All estimators follow scikit-learn conventions: __init__ stores parameters only, learned attributes end with _, fit returns self, get_params/set_params round-trip.

FMClassifier / FMRegressor¶

from modern_fm import FMClassifier

model = FMClassifier(
    n_factors=16,
    loss="logistic",          # classifier: "logistic" (binary) / "softmax" (auto for multiclass)
    optimizer="adagrad",      # "sgd" | "adagrad" | "adam" | "ftrl"
    learning_rate=0.05,       # also FTRL's alpha (step size)
    beta_1=0.9,               # Adam 1st-moment decay (optimizer="adam" only)
    beta_2=0.999,             # Adam 2nd-moment decay (optimizer="adam" only)
    epsilon=1e-8,             # Adam denominator epsilon (optimizer="adam" only)
    ftrl_beta=1.0,            # FTRL stabilizer beta (optimizer="ftrl" only)
    max_iter=100,
    batch_size=1,             # 1 = per-row SGD; >1 averages the batch gradient
    l2_linear=1e-5,
    l2_factors=1e-5,
    l1_linear=0.0,            # L1 on linear weights (FTRL only; yields exact zeros)
    l1_factors=0.0,           # L1 on latent factors (FTRL only)
    init_scale=0.01,          # stddev of latent factor init
    label_smoothing=0.0,
    class_weight=None,        # None | "balanced" | dict
    early_stopping=False,
    validation_fraction=0.1,
    patience=10,
    min_delta=0.0,
    warm_start=False,         # fit() resumes from the previous solution + optimizer state
    dtype="float32",          # "float32" | "float64"
    backend="rust_cpu",       # or "cuda": requires a cuda-backend build + GPU
                              # (compute capability >= 6.0); covers every
                              # prediction and training cell (FM/FFM/FwFM,
                              # binary/regression/multiclass);
                              # CUDA training is nondeterministic run-to-run —
                              # rust_cpu keeps exact seeded reproducibility;
                              # never a silent CPU fallback (gpu_backend_plan.md)
    random_state=None,
    n_jobs=-1,
    verbose=0,
)

model.fit(X, y, sample_weight=None, eval_set=None)
model.predict(X)
model.predict_proba(X)        # classifier only; rows sum to 1
model.decision_function(X)    # classifier only; raw scores / logits
model.save_model(path)
FMClassifier.load_model(path)

FMRegressor is identical minus loss/class_weight/label_smoothing/ predict_proba/decision_function (loss is squared error).

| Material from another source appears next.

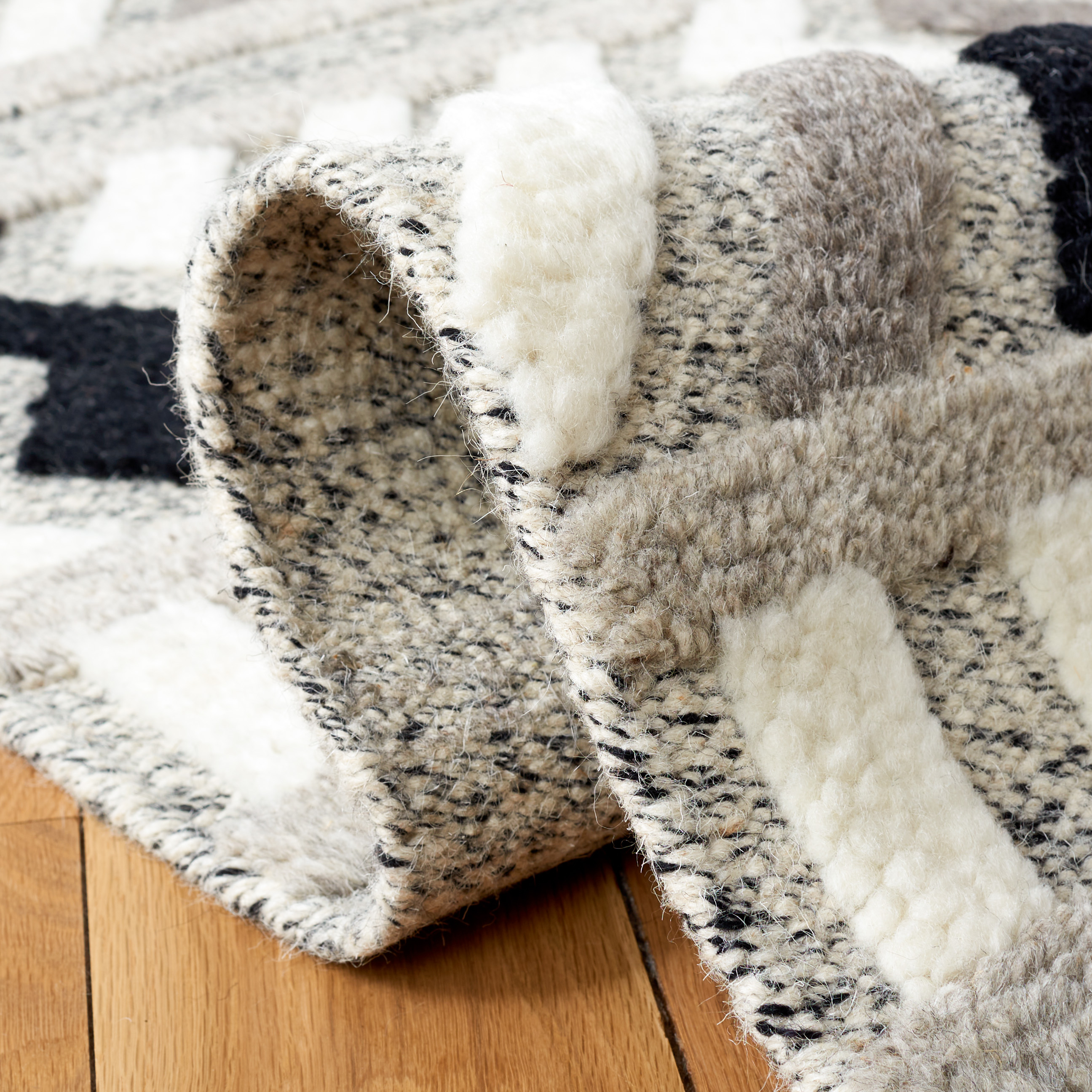 SAFAVIEH Casablanca Mckayla Geometric Wool Area Rug, Ivory/Black, 4' x 6'
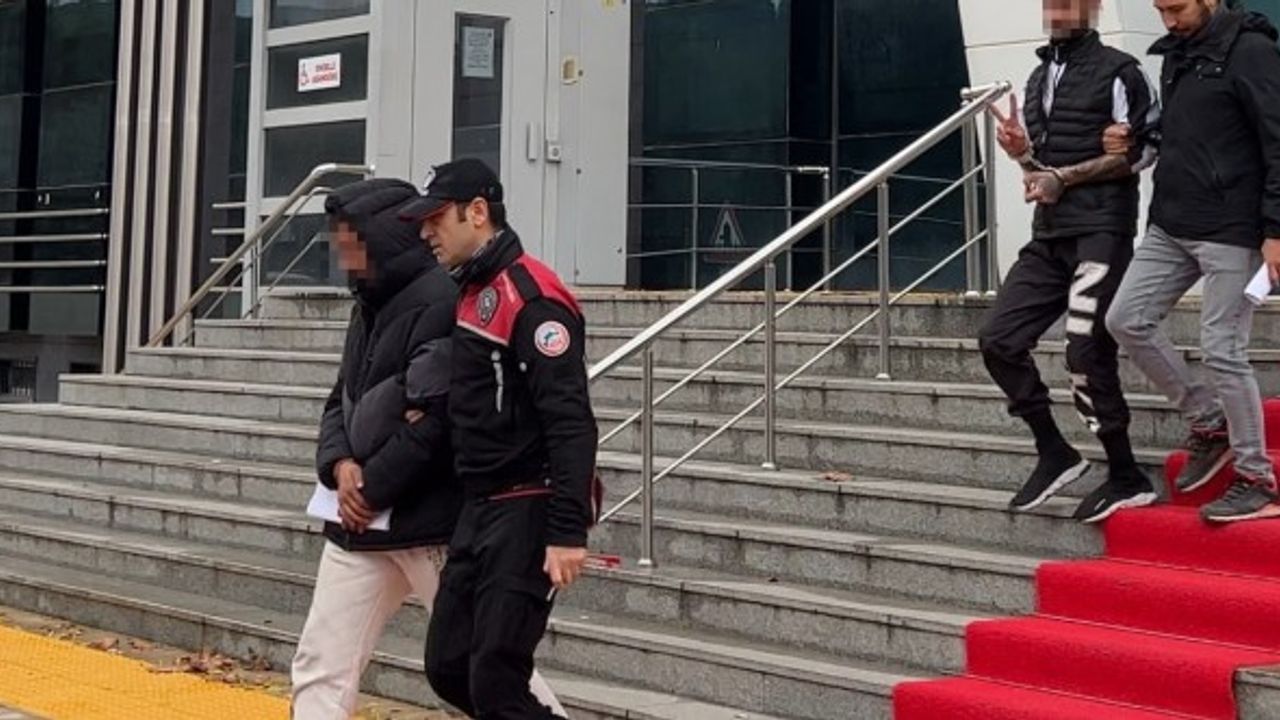 100 bin liralık uyuşturucuyla yakalandılar zafer işareti yaptılar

FFMClassifier / FFMRegressor¶

Field information is explicit and required in v0.1 — automatic field inference hides bugs that silently degrade accuracy.

from modern_fm import FFMClassifier

model = FFMClassifier(
    n_factors=8,
    optimizer="adagrad",
    learning_rate=0.05,
    max_iter=50,
    l2_linear=1e-5,
    l2_factors=1e-5,
    label_smoothing=0.0,
    random_state=42,
)

model.fit(X, y, field_ids=field_ids)        # field_ids: int array, shape (n_features,)
model.predict_proba(X)                       # field mapping is stored on the model at fit time

Binary (logistic) by default; pass a target with >2 classes (or loss="softmax") to train one FFM per class coupled by softmax — predict_proba rows then sum to 1 over n_classes.

field_ids[i] is the field of feature/column i; it is optional — when omitted, each column becomes its own field, so fit(X, y) works under the plain sklearn API. After fit, the model stores field_ids_ and n_fields_; predict-time calls do not take field_ids.

FFMRegressor is the squared-loss counterpart (as FMRegressor is to FMClassifier): the same constructor minus loss / label_smoothing / class_weight, and no predict_proba / decision_function / classes_. fit(X, y, field_ids=…) takes the same field mapping and stores field_ids_ / n_fields_; predict(X) returns the raw FFM score (squared-error loss).

FwFMClassifier¶

Field-weighted FM (docs/math_spec_fwfm.md): FM-shaped factors V (n, k) plus one learned scalar weight per field pair, r_ (n_fields, n_fields) (upper triangle used), scaling each pairwise interaction. r_ initializes to ones, so a fresh FwFM is exactly a plain FM.

from modern_fm import FwFMClassifier

model = FwFMClassifier(n_factors=8, random_state=42)
model.fit(X, y, field_ids=field_ids)   # same field plumbing as FFMClassifier
model.predict_proba(X)

The constructor, fit(X, y, field_ids=…), binary/softmax dispatch, early stopping / eval_set, partial_fit(classes=…, field_ids=…) and warm_start all mirror FFMClassifier. Differences: training is serial in v0.5 (n_jobs is accepted but does not parallelize FwFM), and there is one extra learned attribute r_ — (n_fields, n_fields) binary, (n_classes, n_fields, n_fields) multiclass — regularized by l2_factors / l1_factors.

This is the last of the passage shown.